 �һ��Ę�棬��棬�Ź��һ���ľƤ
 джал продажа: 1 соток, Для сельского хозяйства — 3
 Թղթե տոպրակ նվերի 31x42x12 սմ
━━━━━━
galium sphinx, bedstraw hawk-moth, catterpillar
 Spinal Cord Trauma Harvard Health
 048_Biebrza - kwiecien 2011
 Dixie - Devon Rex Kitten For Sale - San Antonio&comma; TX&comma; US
━━━━━━
**TASK GOAL**
Copy the lines above exactly. Start with the line containing "galium sphinx, bedstraw", end with the line containing "Dixie - Devon", and include both.

**TASK RESULT**
galium sphinx, bedstraw hawk-moth, catterpillar
 Spinal Cord Trauma Harvard Health
 048_Biebrza - kwiecien 2011
 Dixie - Devon Rex Kitten For Sale - San Antonio&comma; TX&comma; US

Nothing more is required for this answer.